Good luck, I've asked this question on forums for three months with no positive feedback. Surely someone out there somewhere has painted something and submerged it. I mean seriously, we don't ALL use strictly store bought decor. Don't hold me to it, but the fish head (what I call experienced aqarists) at the local LFS told me I could use any 100% acrylic paint, let it cure the give it a healthy coat of poly urithane. I have a "tox tank" (2 gallon cycled and critter free) that I use to test all my little projects. If it passes muster, meaning it doesn't adversely affect anything testable for a few weeks, then I put a fish in with it to see how it does. I'm sure it's some kind of faux pa but it's the only method I have been able to come up with to see what works, since no one else will fess up to experimenting.
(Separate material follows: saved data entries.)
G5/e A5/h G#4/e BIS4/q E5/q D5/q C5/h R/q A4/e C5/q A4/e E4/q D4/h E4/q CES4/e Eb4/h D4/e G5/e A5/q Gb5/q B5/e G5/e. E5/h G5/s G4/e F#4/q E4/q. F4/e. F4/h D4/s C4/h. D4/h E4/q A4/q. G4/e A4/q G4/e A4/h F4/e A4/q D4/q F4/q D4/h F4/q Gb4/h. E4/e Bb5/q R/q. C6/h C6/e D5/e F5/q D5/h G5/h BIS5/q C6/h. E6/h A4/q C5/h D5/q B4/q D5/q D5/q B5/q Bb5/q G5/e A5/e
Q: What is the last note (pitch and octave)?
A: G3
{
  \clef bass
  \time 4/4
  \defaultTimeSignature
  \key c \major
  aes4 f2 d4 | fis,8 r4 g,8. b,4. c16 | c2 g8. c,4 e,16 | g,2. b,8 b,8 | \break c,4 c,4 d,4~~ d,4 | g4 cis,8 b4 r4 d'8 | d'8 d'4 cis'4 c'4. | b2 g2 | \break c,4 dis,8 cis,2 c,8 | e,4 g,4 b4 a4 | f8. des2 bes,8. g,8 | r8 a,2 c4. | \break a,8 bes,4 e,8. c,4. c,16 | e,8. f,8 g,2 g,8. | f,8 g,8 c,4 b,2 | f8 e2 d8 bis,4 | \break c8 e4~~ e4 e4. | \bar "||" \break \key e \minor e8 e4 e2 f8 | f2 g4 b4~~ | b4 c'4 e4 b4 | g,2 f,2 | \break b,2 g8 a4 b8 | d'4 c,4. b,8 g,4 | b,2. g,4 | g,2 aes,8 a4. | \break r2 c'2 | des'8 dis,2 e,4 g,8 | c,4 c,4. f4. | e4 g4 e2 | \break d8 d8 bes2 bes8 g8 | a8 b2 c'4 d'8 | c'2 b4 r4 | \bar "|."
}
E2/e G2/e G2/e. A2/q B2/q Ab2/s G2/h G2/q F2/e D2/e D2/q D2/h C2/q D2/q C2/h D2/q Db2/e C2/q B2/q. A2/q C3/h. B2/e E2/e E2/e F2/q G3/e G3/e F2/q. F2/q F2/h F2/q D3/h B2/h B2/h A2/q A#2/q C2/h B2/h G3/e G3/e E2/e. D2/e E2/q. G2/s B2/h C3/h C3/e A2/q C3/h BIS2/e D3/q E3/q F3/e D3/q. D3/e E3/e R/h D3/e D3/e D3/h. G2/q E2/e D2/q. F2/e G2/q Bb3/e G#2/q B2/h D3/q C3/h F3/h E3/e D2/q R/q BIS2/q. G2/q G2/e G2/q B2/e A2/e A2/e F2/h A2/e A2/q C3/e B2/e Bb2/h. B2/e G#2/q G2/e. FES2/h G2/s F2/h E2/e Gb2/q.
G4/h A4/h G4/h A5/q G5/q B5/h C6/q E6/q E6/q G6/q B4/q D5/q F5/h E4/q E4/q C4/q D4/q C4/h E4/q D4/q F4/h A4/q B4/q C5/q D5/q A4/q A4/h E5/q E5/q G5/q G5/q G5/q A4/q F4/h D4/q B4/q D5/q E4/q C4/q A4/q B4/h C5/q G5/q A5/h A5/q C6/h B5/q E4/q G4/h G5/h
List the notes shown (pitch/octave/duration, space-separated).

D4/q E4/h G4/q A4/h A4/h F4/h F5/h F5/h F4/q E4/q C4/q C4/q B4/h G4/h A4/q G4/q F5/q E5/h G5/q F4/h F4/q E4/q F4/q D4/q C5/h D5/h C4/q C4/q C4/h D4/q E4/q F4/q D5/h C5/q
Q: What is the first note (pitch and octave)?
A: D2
FYI, "Rat" my Micky mouse platy has survive three months of my experiments with no sign of stress.


----------



## bearwithfish (Sep 29, 2009)

sorry i did not see this earlier.... i have used (and many others also) Krylon spray paint from Wal-Mart... i usually let it sit about a week then put it in a test tank (empty, water tested before placing it in) then i test the water the next day if no changes its good to go if there are any changes let it sure a few days longer....
honestly i never had an issue with it and never had to re-cure....


----------